What is friction really? Is it just an accidental effect from the surfaces rubbing(?)? Does it occur when there’s movement only? How does the experiment bottle with rice helps us understand this?

686 views

Heck I’m confused right now. We do learn that friction is some sort of force that happens when surfaces sliding each other but doesn’t it sound like it’s just an effect? And is friction all bad? And need to be gone?

And the experiment we have to learn more doesn’t help much. I just understand that there’s less friction between the surfaces of rice but idk how it makes the pencil able to lift the bottle? Please help and thank you.

In: Physics

2 Answers

Anonymous 0 Comments

I’m not familiar with the rice bottle, but I’ll give it a try explaining, keeping it at least ELI10.
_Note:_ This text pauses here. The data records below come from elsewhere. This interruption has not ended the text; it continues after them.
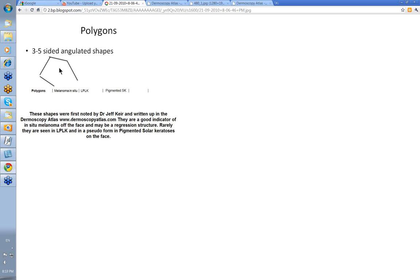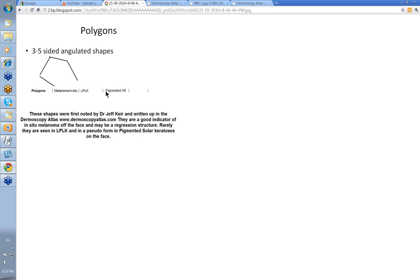Jeff's been talking about them for quite some time. They're three to five-sided angulated shapes and they're seen in melanoma in situ, sometimes in lichen planus-like keratosis, sometimes in pigmented solar keratosis, but they're almost pseudo-polygons in these and we'll show you what we mean in a second.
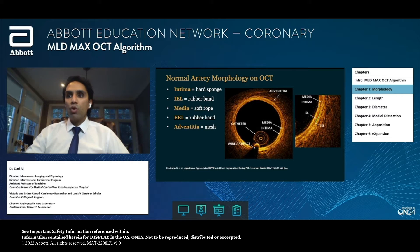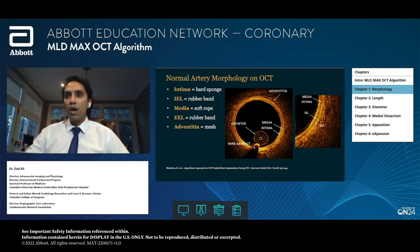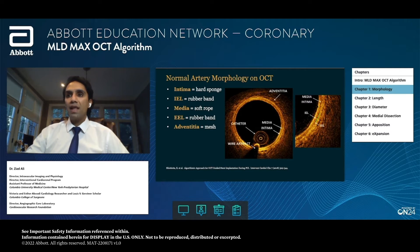The innermost layer or intima — this hard sponge — is this bright orange layer. Immediately under this layer is a darker, hazy black layer, which is actually the media or the soft rope. This is bounded on the inside, denoted by the red hash, and on the outside by the green hash — the internal and external elastic lamina respectively. You'll also see outside of the artery a mesh-type or hazy appearance, which is the adventitia.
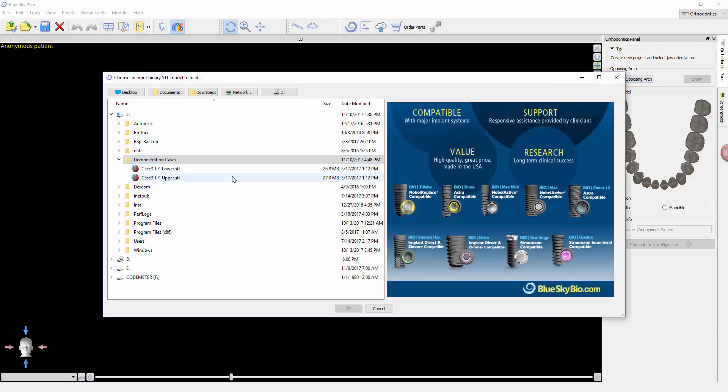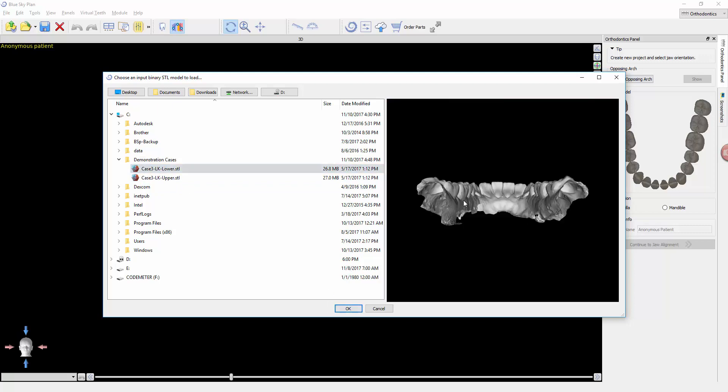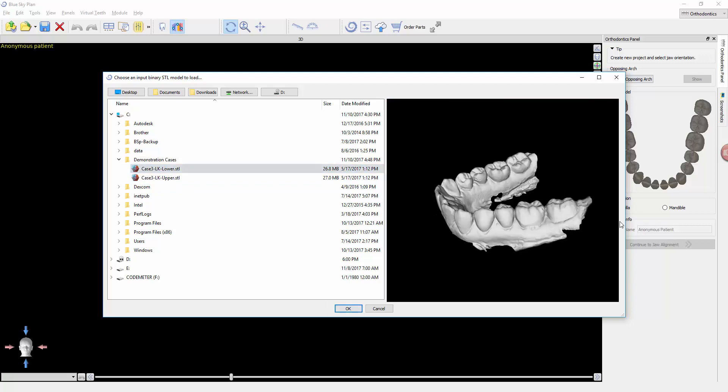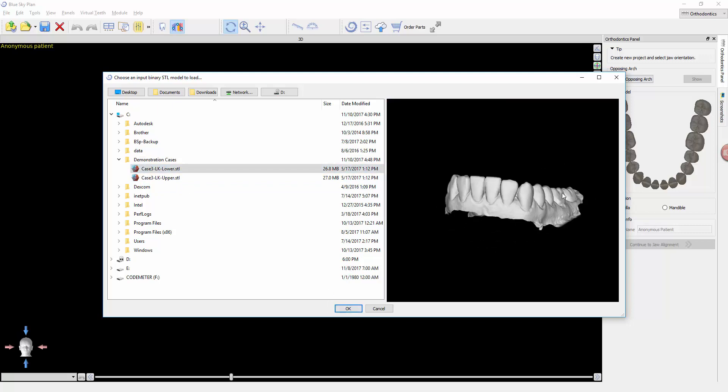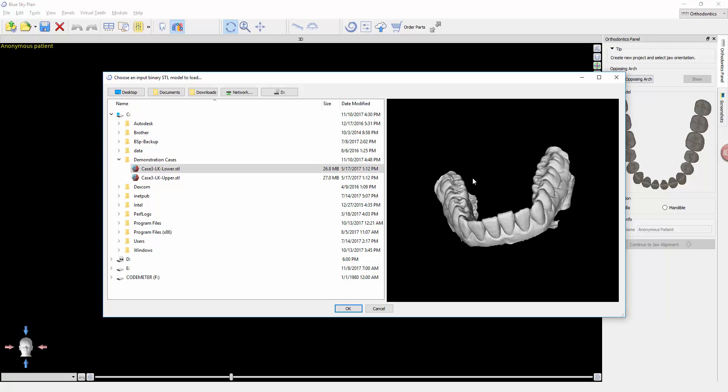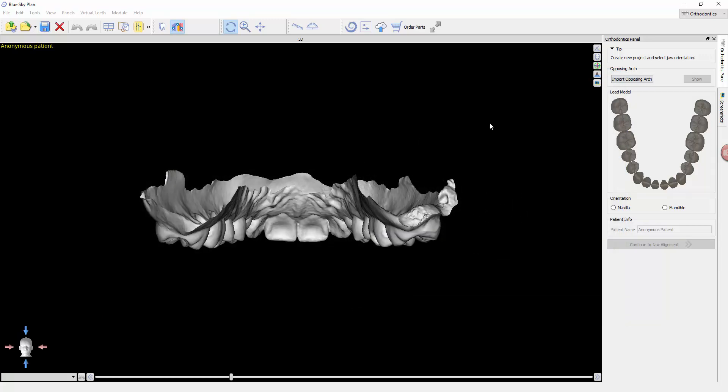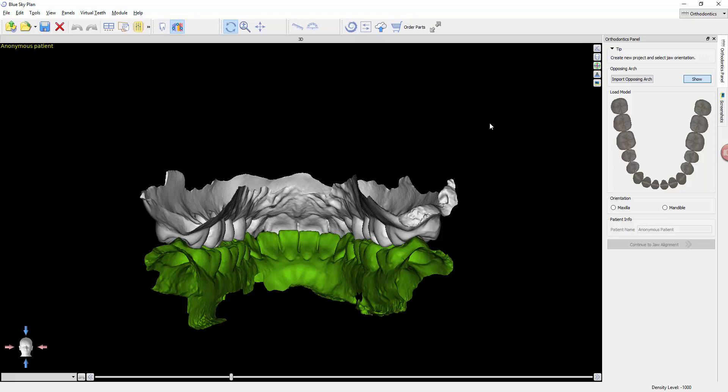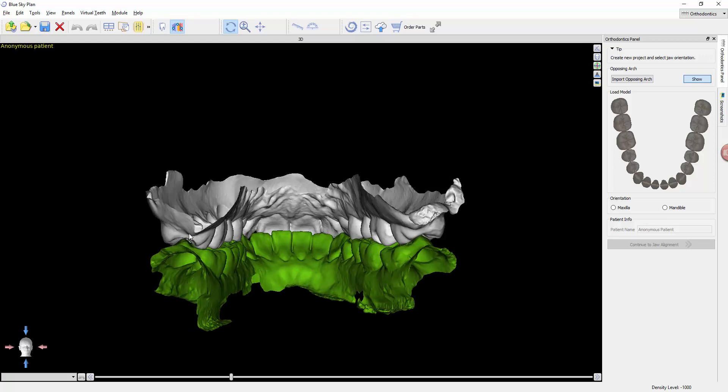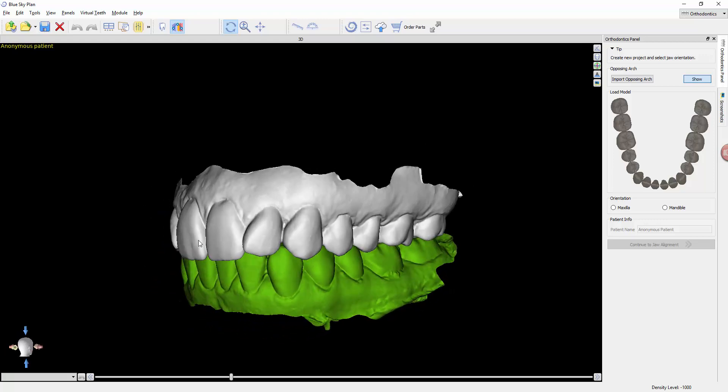Import opposing, we click here. Once again, I'm going to bring in the lower. Wait for it to load. There's the model. Again, you can just take a look at it to make sure it is indeed the same model we're planning to work up. Click OK, and now you can see the two models have been brought in in occlusion.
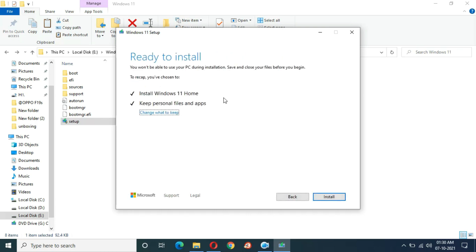After clicking install, the installation will start. It might take 30 to 45 minutes or more. That's the method to bypass 'this PC does not currently meet Windows 11 system requirements.' Thanks for watching — let me know in the comments, and please like, share, subscribe, and click the bell icon for the latest updates.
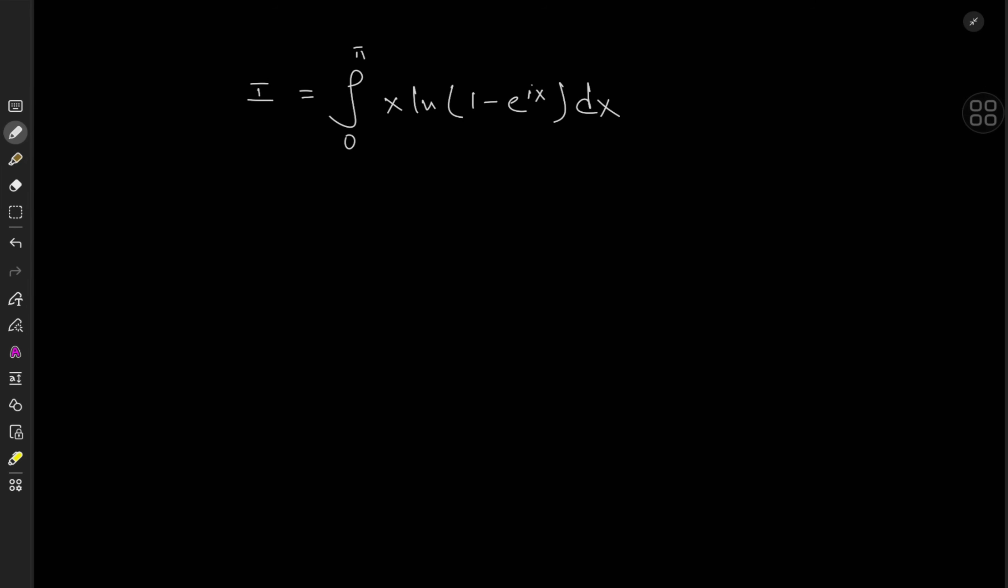Good evening, folks. Today we have yet another very interesting looking integral that looks like the result of something a math nerd would just cook up when he's bored — just throw together some functions and then toss them over an integral sign. We will have the integral from zero to pi of x times log of 1 minus e to the ix, dx. The result is quite beautiful and aesthetically very pleasing and very unexpected. So enough talk, let's try to evaluate this thing.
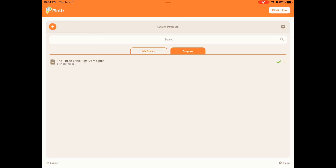Additional updates and fixes have been included, which you can read more about in the release notes. And as always, happy plotting!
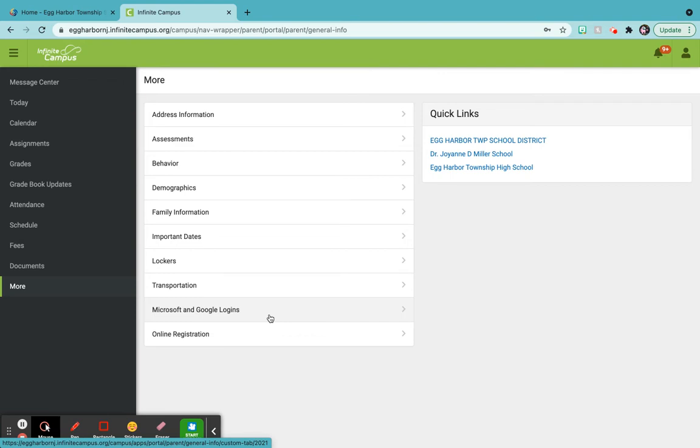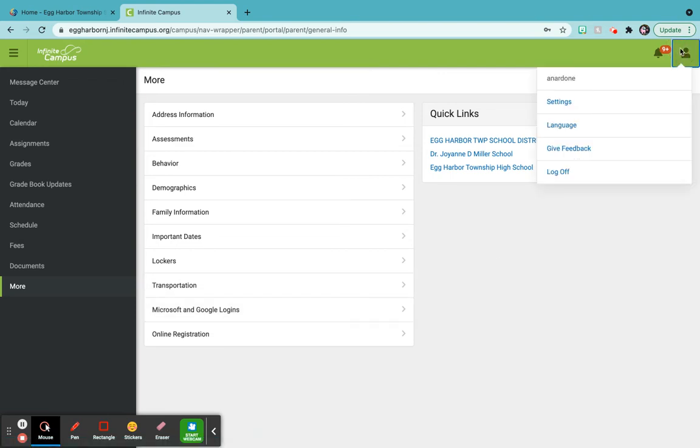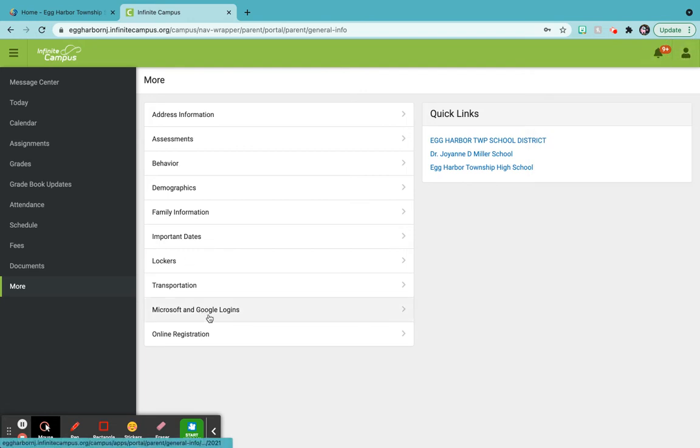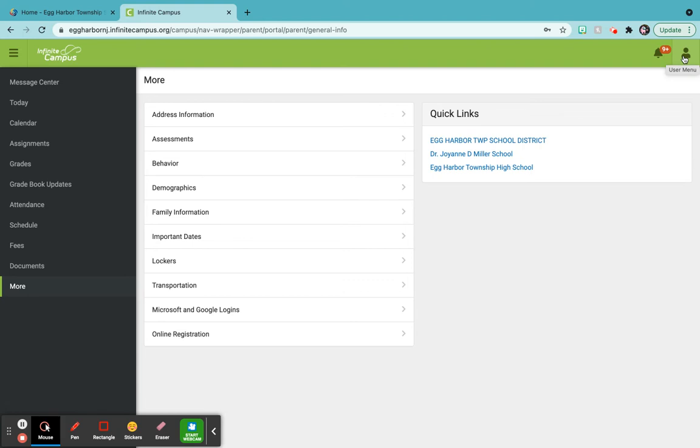Now if you have multiple children up here, I can't do it right now because it only says this, but up here once you're in to the Google logins, it will say your child's name. So if you have multiple children, all you do is click on the down arrow and it'll show all your children so you can get their Google logins.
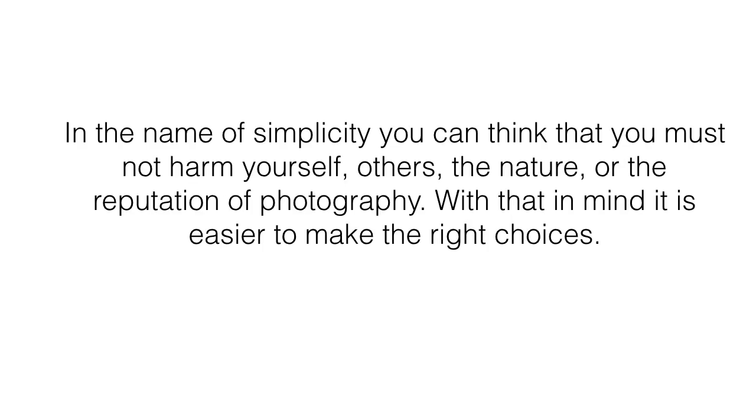In the name of simplicity, you can think that you must not harm yourself, others, nature, or the reputation of photography. With that in mind, it is easier to make the right choices.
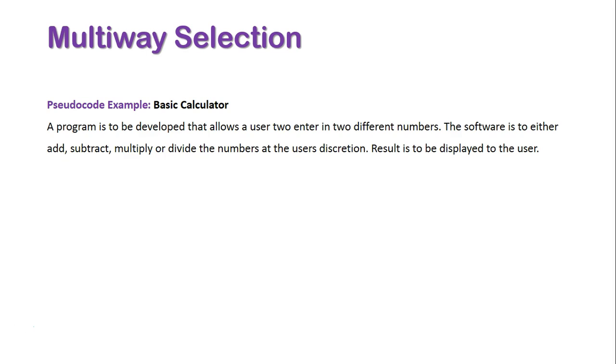Let's look at an example in pseudocode of a basic calculator. A program is going to allow the user to enter in two different numbers. But this time, the software is either to add, subtract, multiply, or divide the numbers at the discretion of the user, and the result is to be displayed on screen.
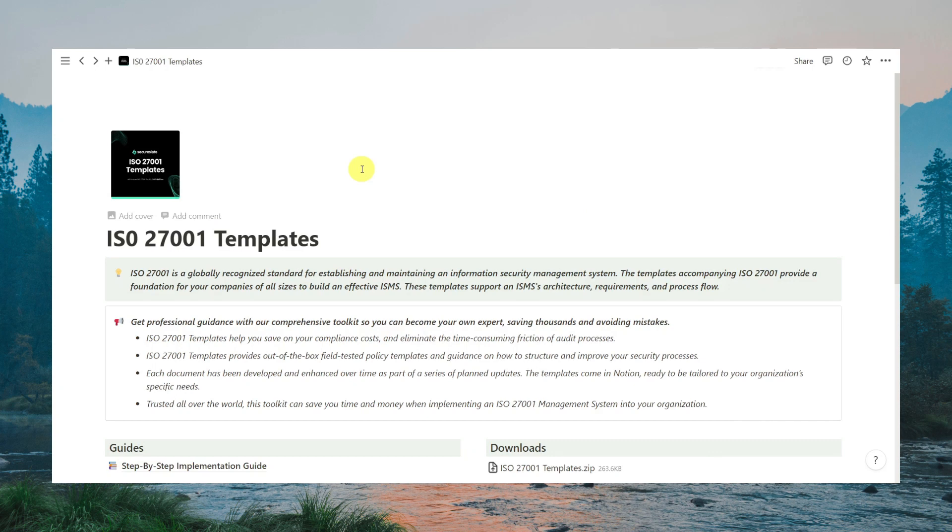Welcome to the ISO 27001 toolkit. In this demo video, we'll take you through the powerful features and benefits of our toolkit, which is built on the very user-friendly Notion platform.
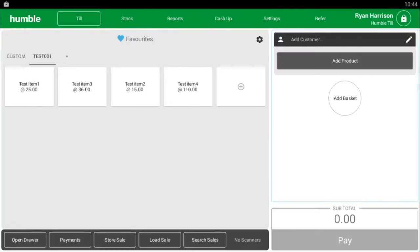Hi, my name is Ryan and I am part of the Humble support team. In today's video we will show you how easy it is to complete a sale on HumbleTill.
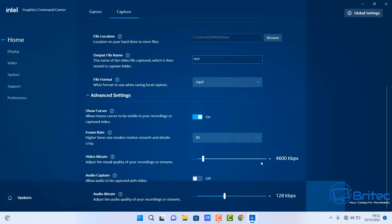We have also audio capture which allows you to capture the audio as well. You can toggle this on or off depending on whether you want the audio captured or not. Also we have audio bit rate which is going to be able to change the bit rate of your audio.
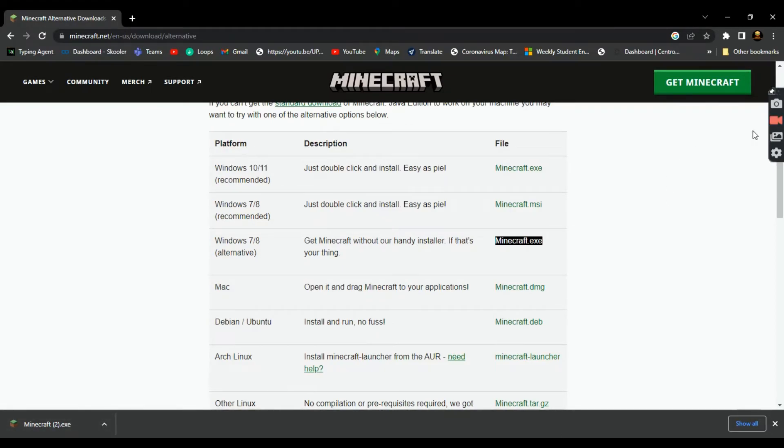Now all you have to do is log in and you're done. Congratulations, you just installed Minecraft Java Edition. That's it — pretty simple, right? If you found this video helpful, make sure to press the like button. Let's see if we can get this video to 1000 likes, and consider subscribing — it helps a ton. I hope you have an amazing rest of your day.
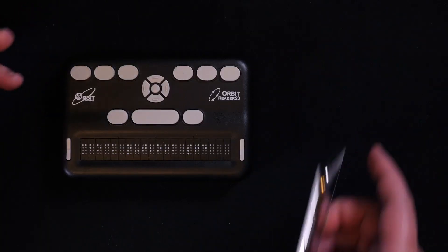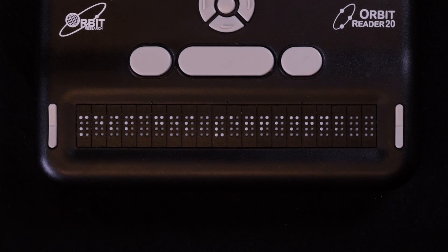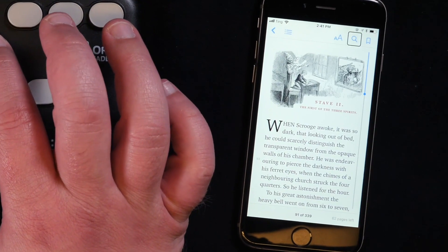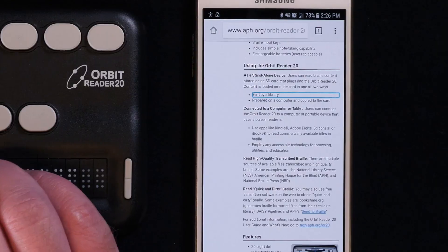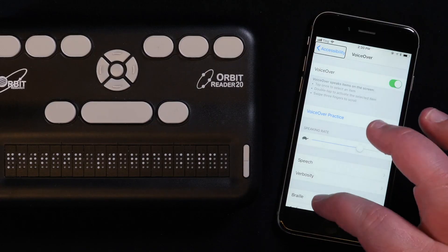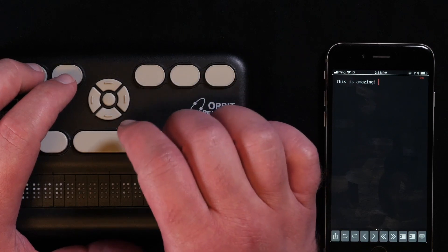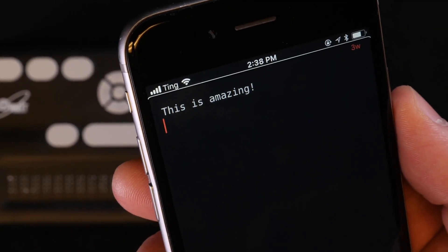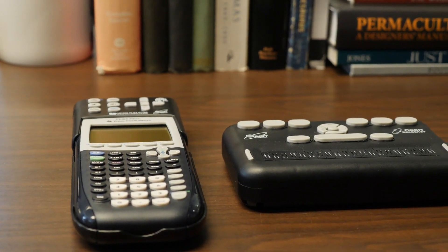When your Orbit Reader is connected to another device in Remote Mode, you can read books through Kindle, Adobe Digital Editions, or iBooks, or use any accessible technology for browsing the web, utilities, reading video captions and stored documents, and more. You can even connect it to an Orion TI-84 Plus talking graphing calculator.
Imagine pushing a heavy box across a wooden floor. Both the box and the floor may look perfectly smooth to your eye.
It may **look** like this _______________________

But if you look really closely (down to microscopic levels) there will always be tiny little ridges/bumps in the material. So if you zoom in far enough,
Both the box and the floor will look more like this: ___/__/_/_____/___

These little bumps will “hook” into eachother as you push the box. That’s friction. Depending on the materials involved it may be very high (ex. a car tire on dry asphalt), or very low (f.ex. polished steel on glass)

Whether friction is good or bad depends on the situation.

* Sometimes high friction is good. F.ex. between your car’s tires and the road.
* Somedimes high friction is bad. If you run your car’s engine without oil friction will be high, causing it to wear out quicker.
* Sometimes low friction is good. Like between your ice skates and the ice.
* Sometimes low friction is bad, like if you walk across ice and you boots slip, causing you to fall.

Anonymous 0 Comments

on a microscopic level, surfaces aren’t really smooth, there’s a bunch of little defects like ridges, bumps, depressions and so on. When two objects are touching and you try to move one, the little defects get caught on each other and try to stop the object from moving. This is friction. It’s not always bad though. Tires and brakes use friction to work and are designed to have increased friction. Friction keeps the tires stuck to the road and allows vehicles to move and turn. Similarly brakes use friction to slow down wheels, and therefore the vehicle (note that this requries tire friction as well).

I’m not super familiar with the bottle experiment and i’m going off a quick google so I might not have it quite right. Essentially what’s happening is the friction between the rice, pencil and bottle prevent any of them from slipping, allowing you to pick up the bottle with the pencil.